Un certain nombre d'emplois aidés font 30 heures pour un salaire de 850 euros. Ce qui est largement assez pour vivre.
Tout à fait d'accord. Je dirai même : cela pourrait être inférieur ! Il suffit de se nourrir de restes trouvés dans des poubelles, de camper dans la rue à même le sol, d'attendre la tombée de la pluie pour boire, et oups, le tour est joué !

Les gens qui y travaillent sont très contents d'y être, et si le turn over est important c'est tout simplement qu'il arrive que des gens ne soient pas dans l'esprit du journal ou qu'ils cessent d'y être. Il est donc normal que le patron mette un terme à leur collaboration.
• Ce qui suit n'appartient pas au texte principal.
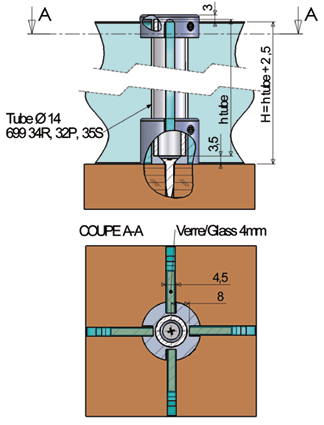 cover for lock, yellow brass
Là, encore, c'est une évidence ! Il ne manquerait plus que ces journaleux réclament de meilleures conditions de travail ! J'imagine aisément que, lors de leur départ, ils essuient une grosse larme, conscients de quitter le paradis du monde du travail et un salaire ô combien digne, n'en déplaise à toutes ces mauvaises langues !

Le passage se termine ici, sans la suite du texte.